Hi there.
I know there are many topics (and documentation) about moving a node to a new disk.
Here’s what I did so far :
I had a Windows node with 1 HDD, moved that HDD into a different machine and am now running that with Docker Desktop for Windows, works just fine after some messing about with the config and data structure as per the documentation.
I want to move the node to a larger HDD now which in of itself isn’t that hard to do. The data in the node is millions of tiny files though, which will take weeks to copy over. I can’t turn off the node for that long or it would be disqualified.
I tried using syncbackfree and that failed during the scanning source phase, at around 3.2Million files, due to lack of memory on the machine.
Now I’m using robocopy to copy the files over.
Initial plan was to turn off the node, copy the files and start the node again.
With these millions of files it will take literal weeks to copy the data though, so the current plan is to run a full robocopy now while the node is running. Then turn the node off and copy the new/changed files over using the same robocopy mirror command.
Is this the most efficient way to move a node from one HDD to another?
We often see people set their node to not accept any new uploads… then rsync it a couple times while it’s still running. That gets the majority of the millions of files copied… with no downtime. Then they turn off the node, run rsync one last time (with the delete option), then turn it on pointed to the new location. (And allow it to accept uploads again)
There’s nothing safe about using hashstore now.

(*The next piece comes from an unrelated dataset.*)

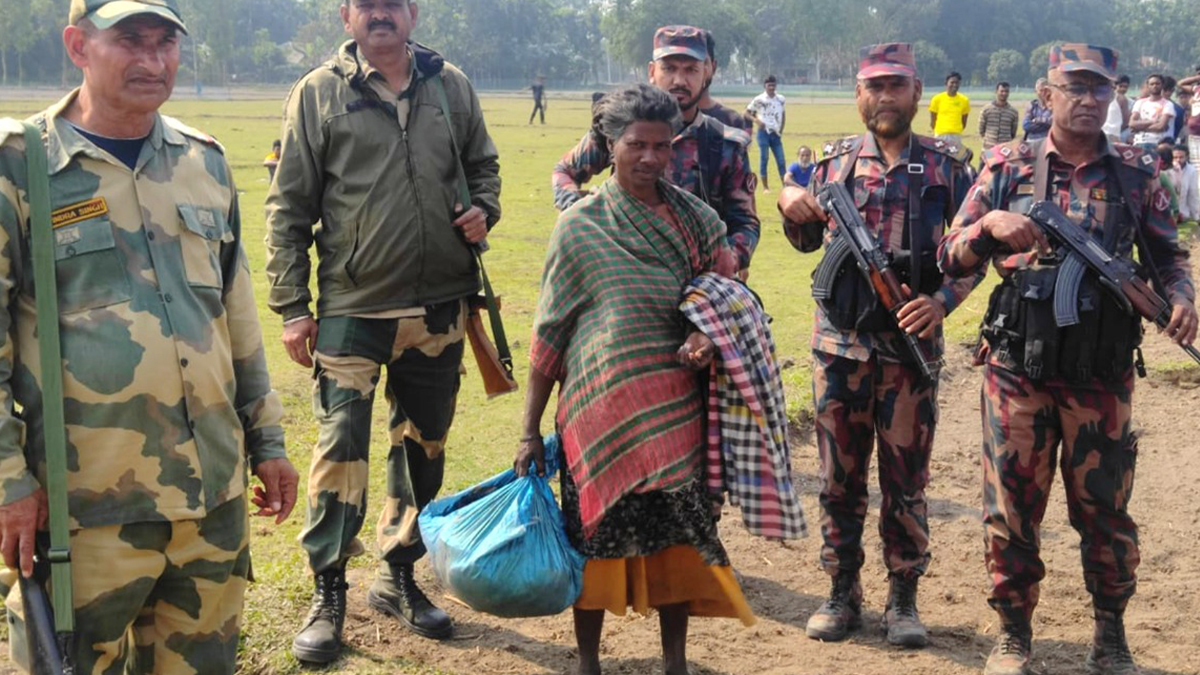 বাংলাদেশে অনুপ্রবেশের দায়ে ভারতীয় নারী আটক, পতাকা বৈঠকের মাধ্যমে হস্তান্তর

None of the recovery tools have been released for it yet: anyone testing it is one fairly-insignificant corruption away from losing their entire node.

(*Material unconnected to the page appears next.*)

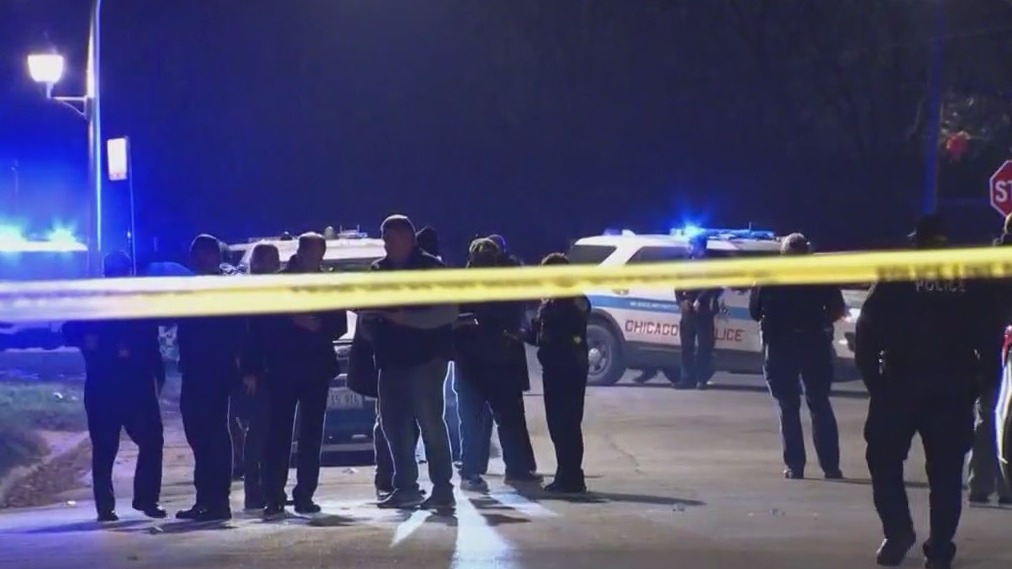 Chicago leaders push to reduce violence in 2023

When you clone the disks you are not copying small files. Entire partition gets streamed sequentially. The content of the filesystem is irrelevant — it’s just one big blob.
(On the hash store — I’m strongly against the whole idea, I prefer small files on a filesystem, but it’s not my project, so they can play with whatever they want — I just won’t be jumping ahead of proactively making things worse)
You’ve got the devs who want to add database features to the filesystem. And the devs who want to add filesystem features to the database. Both are convinced their way is faster. Neither recognize the problem is trying to mix two approaches that work fine all by themselves.
I tend to side with you: filesystems are robust and reliable. And making them faster by throwing hardware at them (like SSDs) is also well understood.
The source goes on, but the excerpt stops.